Even if Verchel had wanted to recount the full version of events involving the mysterious stranger to Miss Myra, which Lord knows he didn’t, he couldn’t have done it no matter how hard he tried. That wasn’t because he didn’t remember things: the girl and the baby waiting out there in the wagon; the stranger’s beady, close-together eyes, his sharp nose; the flash of expectancy in his face colored with something like malice as he waited for Verchel’s answer about where to find that drink.
Verchel could have recounted those things, as well as the slow light coming through the windows and the dusty smell of the store, but those things were always there, so they didn’t bear mentioning or even remembering because they’d be there every day.
No, what Ve
rchel couldn’t recount was the one thing he couldn’t quite remember, even when he tried to recall it that night in bed where Miss Myra breathed heavily beside him and tossed slowly in her sleep like a great ocean liner beset upon by swells. And the thing he couldn’t remember was this: his response to the stranger’s very simple question.
There’d been something that had crossed Verchel’s lips about Cowpens being a God-fearing community of sober men and women, a place where hardworking millhands and harder-working farmhands split their time almost equally between their physical toils at the job and their spiritual lives in the church. He’d even mentioned his own wife, Miss Myra Stebbins Park née Olyphant, who along with other women in the county had started an improvement society that was doing awfully good work, don’t you know, the kind of work a once-depraved place like Spartanburg County, South Carolina, desperately needed done so that it could ascend to its rightful register as a sanctified, purified land where a man who’d once craved a drink no longer thought of it, much less needed it.

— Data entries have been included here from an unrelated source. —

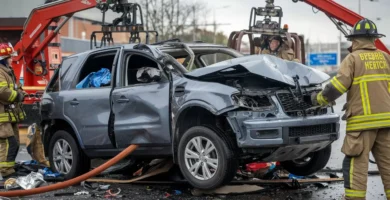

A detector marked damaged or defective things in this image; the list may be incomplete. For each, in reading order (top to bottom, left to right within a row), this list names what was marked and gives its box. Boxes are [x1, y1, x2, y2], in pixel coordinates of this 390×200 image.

severely damaged suv [38, 42, 338, 189]
crumpled hood [185, 54, 330, 86]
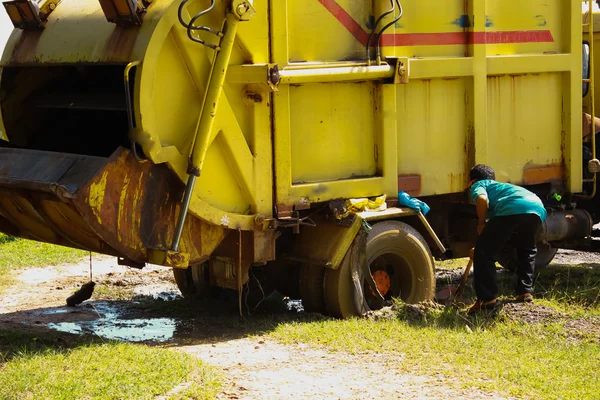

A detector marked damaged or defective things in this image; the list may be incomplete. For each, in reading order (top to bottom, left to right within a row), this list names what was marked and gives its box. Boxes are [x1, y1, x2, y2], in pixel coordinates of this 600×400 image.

rust stain [105, 26, 140, 61]
yellow paint chipped [88, 170, 109, 225]
rust stain [398, 174, 422, 196]
rust stain [524, 164, 564, 186]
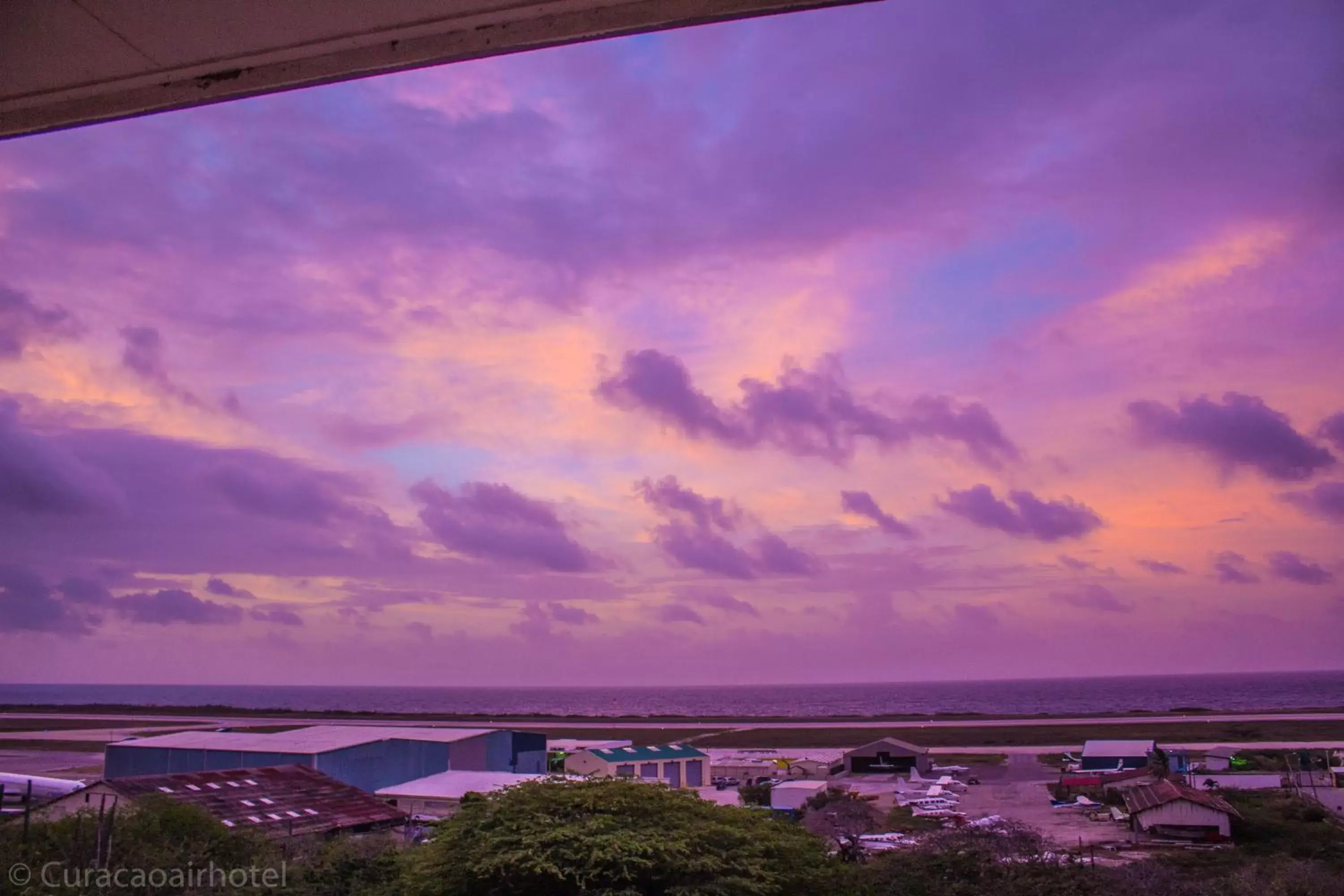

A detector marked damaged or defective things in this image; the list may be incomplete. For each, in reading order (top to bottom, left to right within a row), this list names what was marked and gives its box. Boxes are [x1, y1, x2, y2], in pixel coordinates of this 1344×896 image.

rusty red roof building [37, 768, 403, 838]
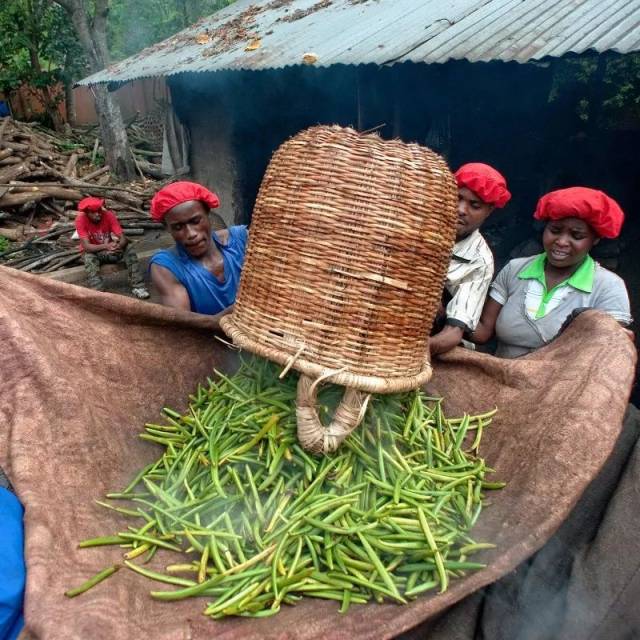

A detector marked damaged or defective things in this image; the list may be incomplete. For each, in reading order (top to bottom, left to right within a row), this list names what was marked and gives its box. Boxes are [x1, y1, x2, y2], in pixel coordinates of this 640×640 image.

rusty metal roof sheet [79, 0, 640, 85]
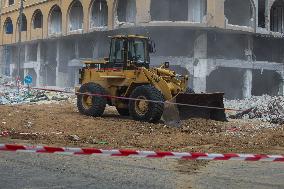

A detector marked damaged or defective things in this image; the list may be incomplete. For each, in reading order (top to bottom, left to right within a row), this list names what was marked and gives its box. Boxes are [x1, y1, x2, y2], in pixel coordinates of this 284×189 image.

damaged building [1, 0, 284, 99]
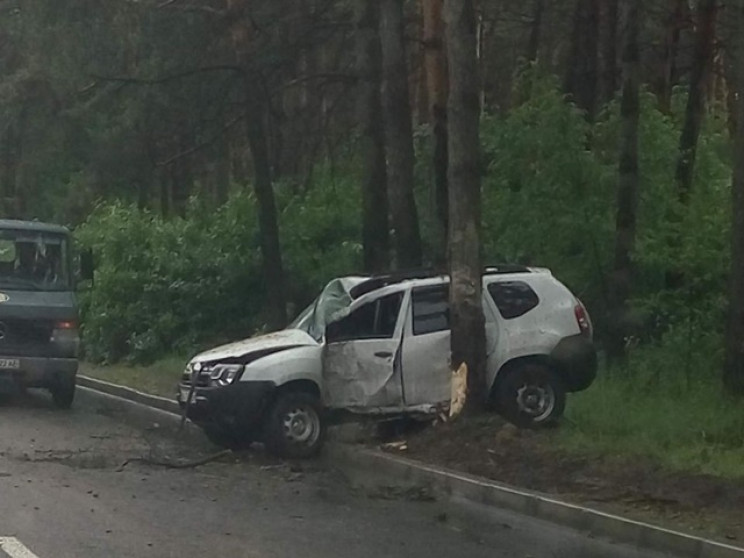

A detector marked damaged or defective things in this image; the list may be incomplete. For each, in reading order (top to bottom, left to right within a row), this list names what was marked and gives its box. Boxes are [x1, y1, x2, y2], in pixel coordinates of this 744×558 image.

broken windshield [0, 231, 72, 294]
crashed white car [177, 268, 596, 460]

But the thing about it was that Verchel’s heart just wasn’t in it; his words were both unconvincing and hollow. And the stranger knew it, and Verchel knew that the stranger knew it as well, and that’s why Verchel told Miss Myra some of what the stranger had to say, but also why he made sure not to tell her all of it.
But Verchel tried his best to hold his head high and celebrate his own personal victories regardless of whether they were shrouded in half-truths, obscured truths, or complete untruths, and he decided that he would no longer view his life as a struggle not to crave whiskey; instead, he chose to view his life as a life that no longer needed it.
Verchel had all but forgotten about the stranger and the girl in the wagon with the baby when Miss Myra asked about them one evening after dinner the following April. They sat out on the porch just as they did most evenings, her in the one chair and him on the steps smoking a cigarette, the one thing he looked forward to each day.